Sur la toile verticale, il applique de vigoureux coups de brosse. Ensuite, une nouvelle couleur est
étalée au couteau, formant une large surface qui absorbe les figures. Un autre geste large et rapide,
à la brosse, crée des vagues de tons qui se mèlent à la surface de la toile, révélant la couche
inférieure à travers des opacités inégales. Des touches de formes géométriques et de nouvelles
figures sont réintroduites, se mélant et amenant la profondeur dans l'espace de la toile. Dans une
phase finale, une couleur dominante peut l'envahir en grande partie. Cette façon de peindre prend du temps car la couleur doit être étalée sur une surface qui a séché. Dans certains cas, une couche pigmentaire trop épaisse peut être grattée pour révéler la couche inférieure qui est alors lavée à l'eau savoneuse et maintenue en réserve. Kimura travaille simultanément sur plusieurs tableaux dans une journée. Chaque toile met en général quelques mois pour être menée à terme."

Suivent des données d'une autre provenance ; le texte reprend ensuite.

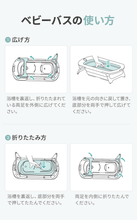 画像をギャラリービューアに読み込む, デジタル温度計付き 折りたたみ式 ベビーバス 【送料無料】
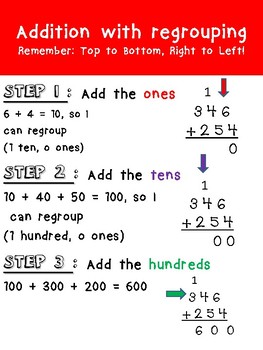 Addition And Subtraction With Regrouping Anchor Charts Tpt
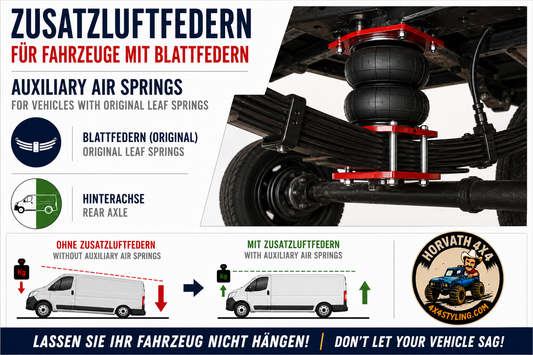 Zusatzluftfedern für Fahrzeuge mit Blattfedern – Hinterachse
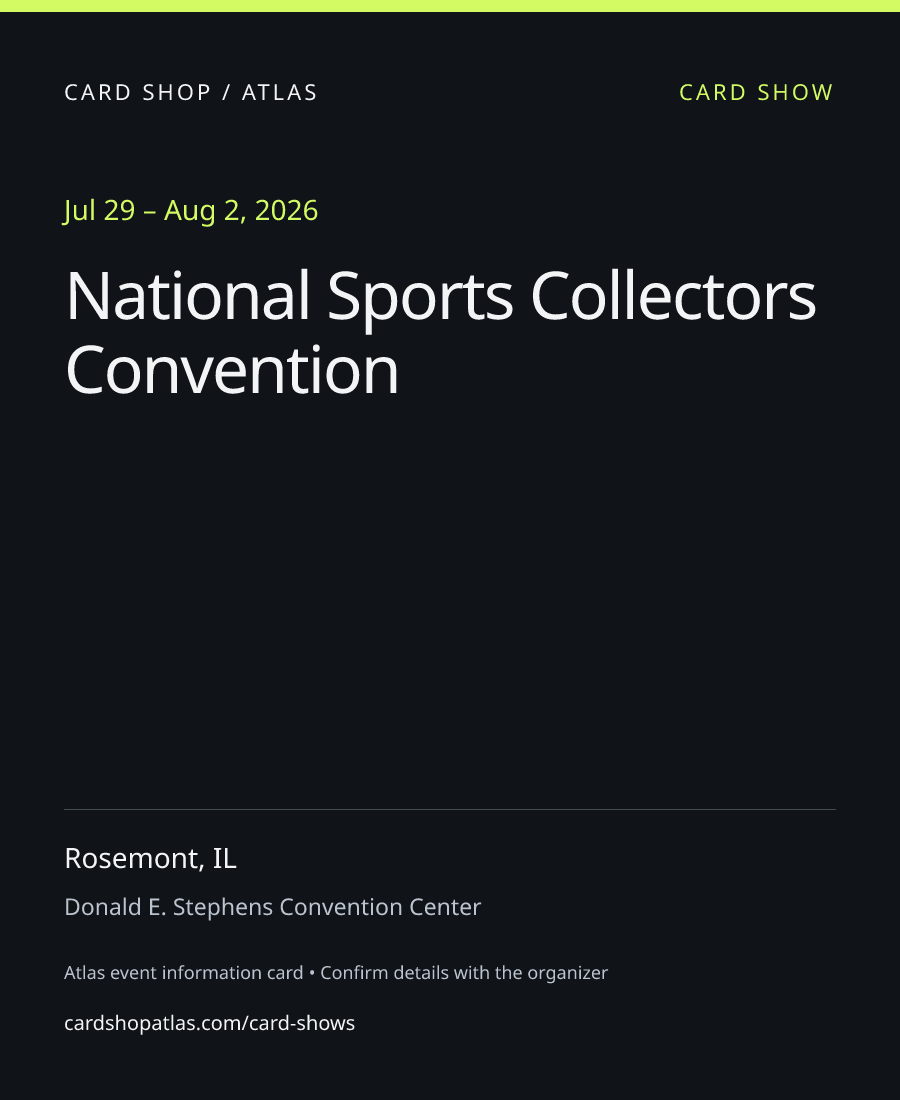 National Sports Collectors Convention poster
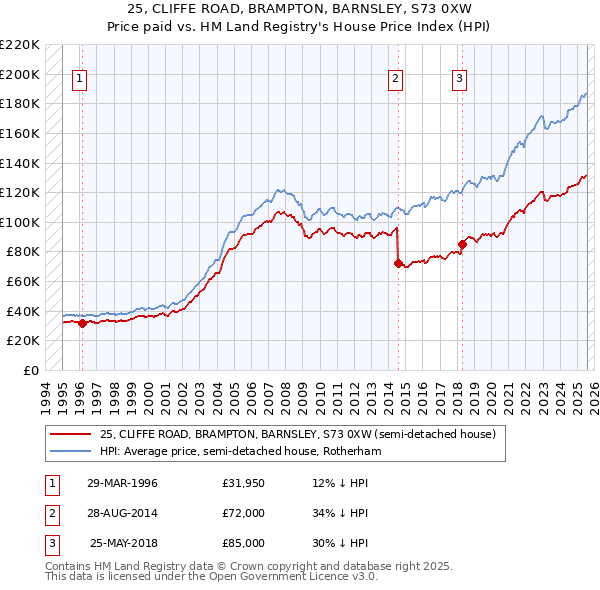 25, CLIFFE ROAD, BRAMPTON, BARNSLEY, S73 0XW: Price paid vs HM Land Registry's House Price Index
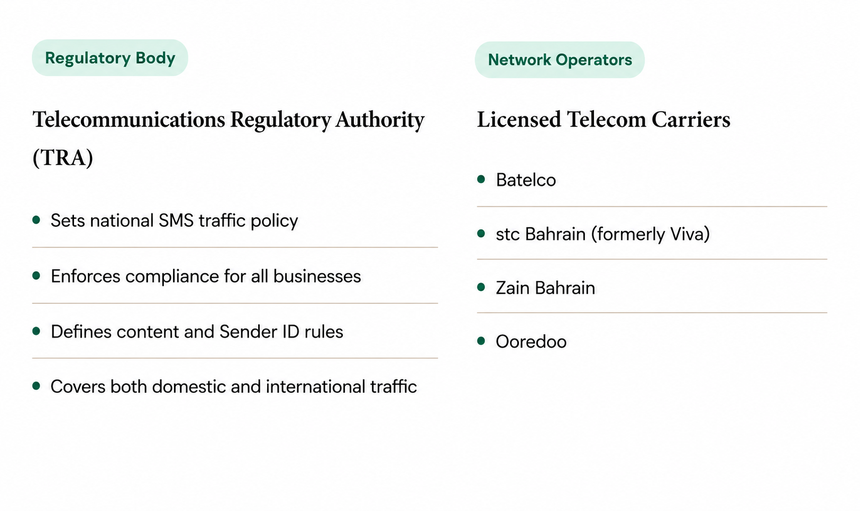 Who Regulates SMS Messaging in Bahrain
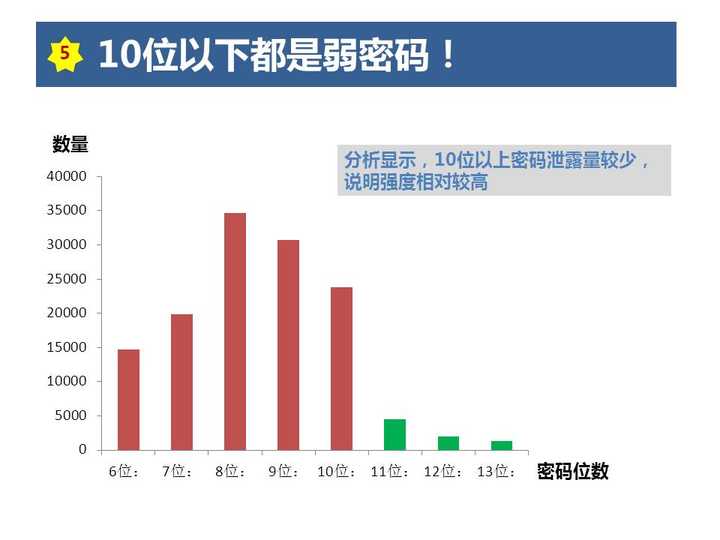 婆家一肖一码100——深层数据设计剖析_MP90.878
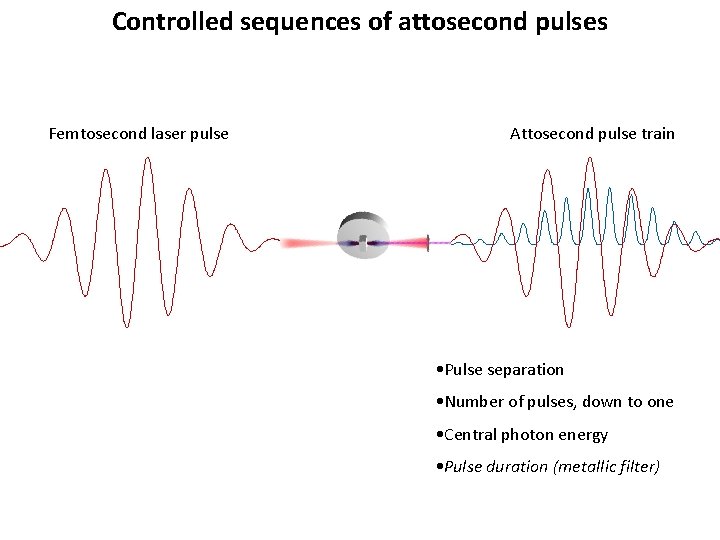 Controlled sequences of attosecond pulses Femtosecond laser pulse Attosecond pulse train • Pulse separation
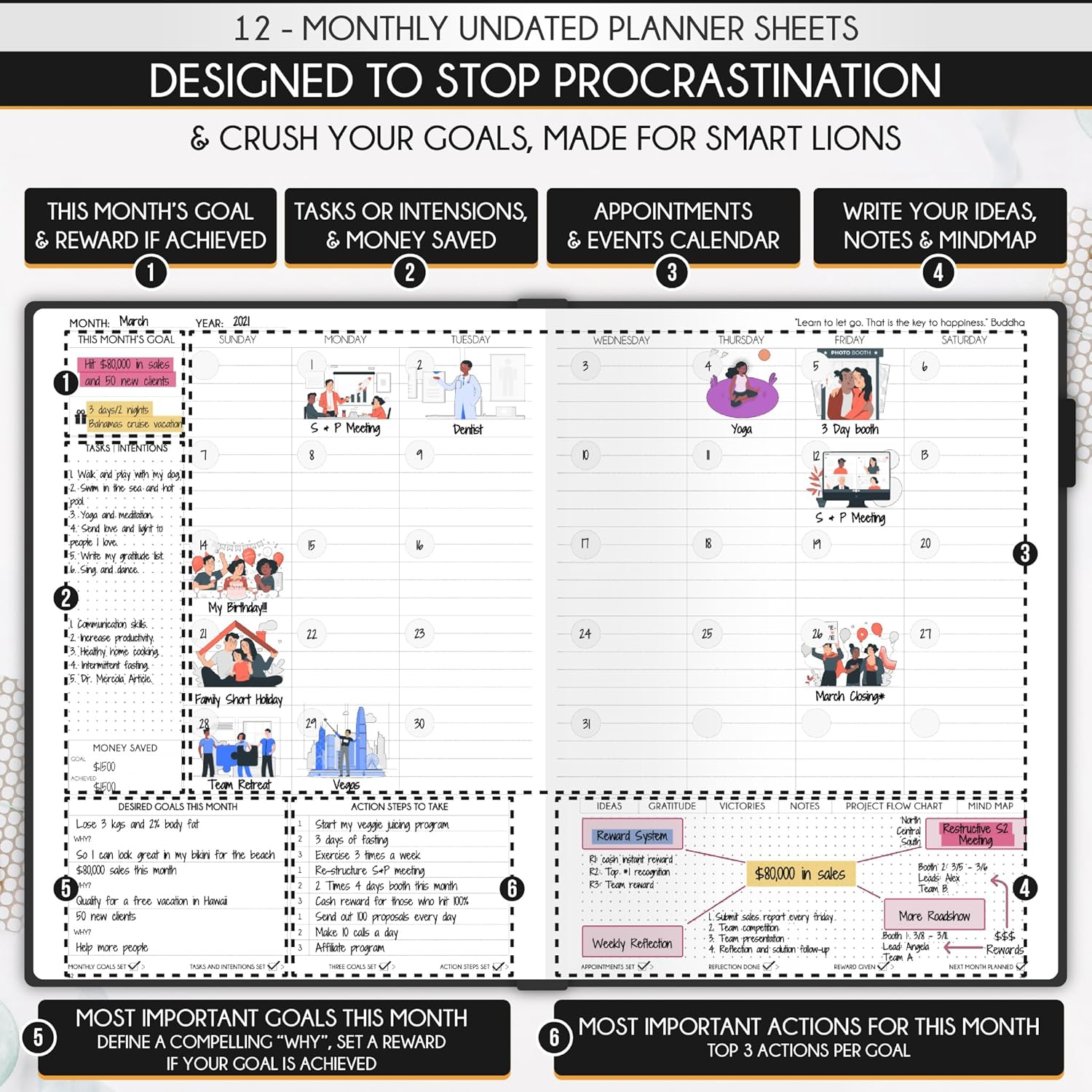 Hourly Planner - Undated Daily, Weekly & Monthly Planner with Budget Section | A 12 Month Journey to Increase Productivity & Happiness | Life Organizer & Gratitude Journal - Vertical Format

Après le décès de Kimura, la galerie Art Yomiuri ferme ses portes à Paris et son travail sera essentiellement montré au Japon.
Depuis 2003, plusieurs expositions (Hôtel des Arts de Toulon, galerie Nicolas Deman à Paris) ont
permis de revoir les toiles,les pastels et les dessins de Kimura en France. Avec notre exposition,
nous sommes heureux de contribuer modestement à cette redécouverte.
A l'automne 2009 est paru aux éditions Lienart un livre conçu par Satchiko Kimura comme une
promenade dans les oeuvres que le Clos Saint-Pierre a inspiré à Kimura. Cette exposition veut
être un hommage à ce chant de la nature et au magnifique livre dont il est la source.